It is provided in § 10, art. 4 of the state constitution that “In incorporated cities or towns having *625more than five thousand inhabitants, the justices of the peace shall receive such salary as may be provided by law, and shall receive no fees for their own use.” The legislature has provided that there shall be one justice of the peace in cities having a population of more than five thousand, and has fixed the salary at $1,200 per annum. Rem. & Bal. Code, §§ 6532, 6535 (P. C. 287 §§ 37, 39).
Relator, with another, was elected a justice of the peace in the city of Raymond at the regular biennial election held in November, 1912. The notices of election called for the election of two justices. The other person elected did not qualify. Relator qualified and continued to serve, collecting fees, until August 1, 1913, when he turned his total collections in fees and fines, amounting to $219.70, into the county treasury, and on the same day presented his receipt therefor, together with a claim for salary in the sum of $650, being the salary that would be due and unpaid under § 6535, supra. His claim was rejected, and this proceeding followed.
Relator bases his contention upon a finding, made in August, 1912, by the city council of the city of Raymond, that the city had in fact a population of 5,148. From an adverse decision in the superior court, relator has appealed to this court. We think the case can be reduced to one or two simple questions.
First: Does the law require or contemplate an official finding of population. We have no doubt that it does. Waiving the question whether such a finding by the board of county commissioners would be an official finding, we are quite clear that a finding of such fact by a city council would not, unless acted upon by the officers charged with the preparation of election notices, be in any way determinative of the question before us. The law makes no provision for the taking of a census by the officers of a city of the third class, except in certain defined instances and for specified purposes — that is, the classification or advancement *626of the city. Rem. & Bal. Code, §§ 7479, 7485, 7487 (P. C. 77 §§ 25, 37, 41). A city has only such powers as are granted by the legislature or are necessarily implied in the exercise of its governmental powers and police functions. It would seem that the maxim, expressio unius est exclusio alterius, should apply.
The salary of a justice of the peace is paid by the county, and it would be anomalous indeed to hold the county to a liability upon a state of facts of which it had no notice, or, having notice, it had in effect disclaimed by giving notice of an election commanding the election of two justices, which is done only in cities of less than five thousand population.
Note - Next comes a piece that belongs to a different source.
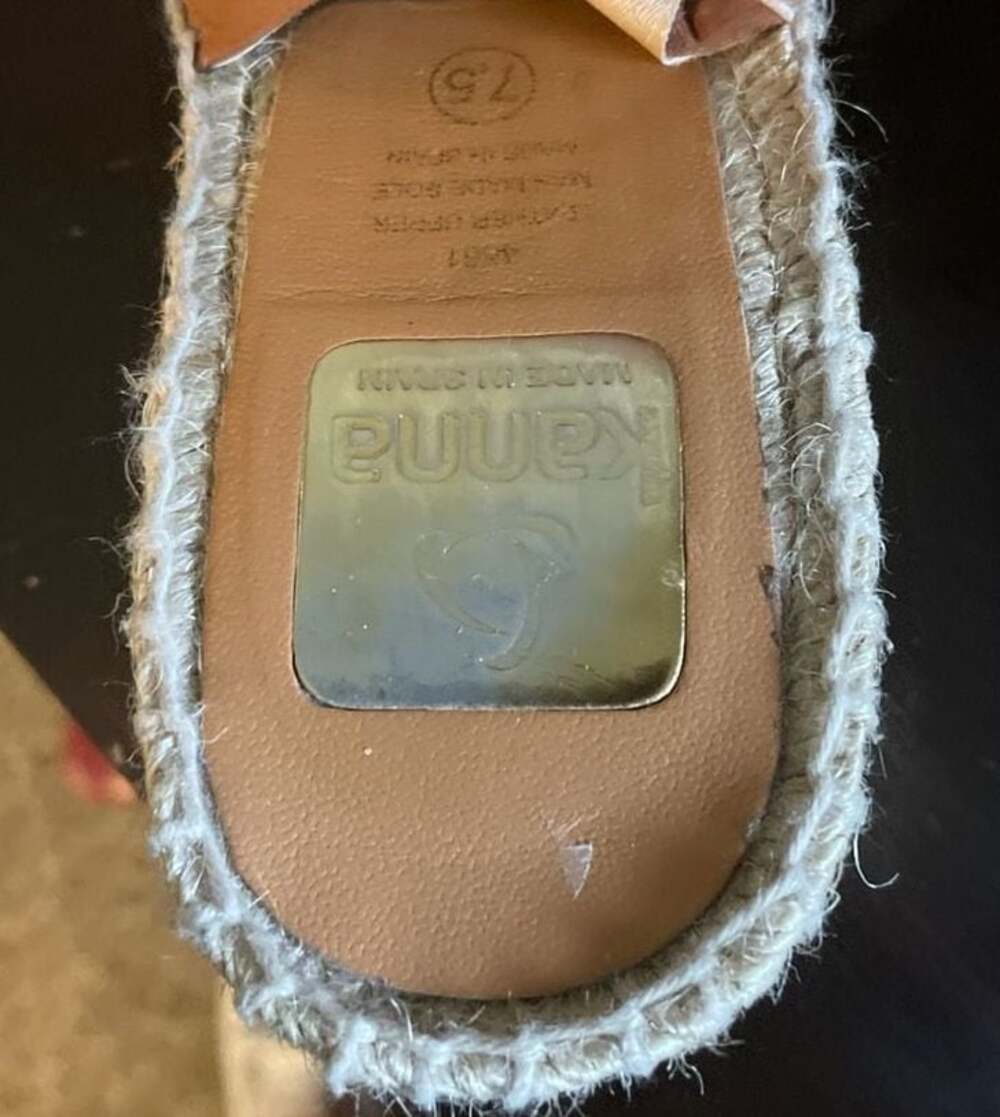 Kanna Tan Leather Peep Toe Espadrille Wedge Sandals Size 7.5 - Picture 4 of 5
This court has held, in State ex rel. Williams v. Brooks, 58 Wash. 648, 109 Pac. 211, that the statute fixing the numbers of justices of the peace follows the mutation of numbers, but that there must be an official determination by competent authority, and that pending such inquiry and finding, there may be two justices, each qualified, although the population be at a given time greater than 5,000. Keeping in mind the fact that there, as here, there was no official determination, and that the auditor gave notice of an election of two justices, the words of the court are apt:
“We are of the opinion that, in the eyes of the law, for the purpose of determining the number of its justices of the peace therein, the city of Puyallup did not have more than 5,000 inhabitants at the time of the election of 1908, nor in any event until it was officially so determined in April, 1909, regardless of the real fact as to its population.”
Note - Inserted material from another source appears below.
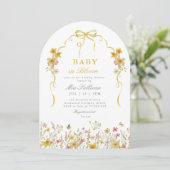 Baby in Bloom Zomer geel wilde bloem baby shower Kaart (Staand voorkant)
But we are invited to hold that the court should have proceeded to find the fact under the authority of Anderson v. Whatcom County, 15 Wash. 47, 45 Pac. 665, 33 L. R. A. 137; State ex rel. Smith v. Neal, 25 Wash. 264, 65 Pac. 188, 68 Pac. 1135; State ex rel. Maltbie v. Will, 54 Wash. 453, 103 Pac. 479, 104 Pac. 797, and Faucher v. Rosenoff, 65 Wash. 416, 118 Pac. 315. It is true that this court has held that the population of a city or county may be made the *627subject of judicial inquiry in a proper case, but an inquiry and a holding that the population of the city of Raymond was, at the time of the election of the relator, and is now, greater than 5,000, would not avail the relator, under the authority of State ex rel. Williams v. Brooks, supra. As will be observed, it was there taken as an admitted fact that, at the time of the election and at the time the decision was pronounced, the city of Puyallup had more than 5,000 population. The effect of the court’s decision was that, notwithstanding that fact, an election having been held without a previous determination, or by the courts, the constitutional provisions and the statutes would not apply ad interim, or until an election had been held on a proper notice calling for the election of but one justice. If it were not so, a sudden growth of a city from less than 5,000 to more than 5,000 between regular elections would cause confusion and result in a scramble for the office upon no more worthy grounds than was urged in the Puyallup case — that is, that the contender had received a greater number of votes than had the other justice who had been declared elected at the same time.
Moreover, we may judicially assume that, at prior elections, two justices were elected in the city of Raymond. It does not follow, merely because one of the men elected to the office at the last election did not qualify, that the office has lapsed. It may be; the law will so presume, in the absence of a proper showing, that the office has not lapsed and that its then incumbent has held over and is performing the duties prescribed by law.
There is no error in the judgment of the court dismissing the petition of relator, and it is affirmed.
Crow, C. J., Ellis, Main, and Gose, JJ., concur.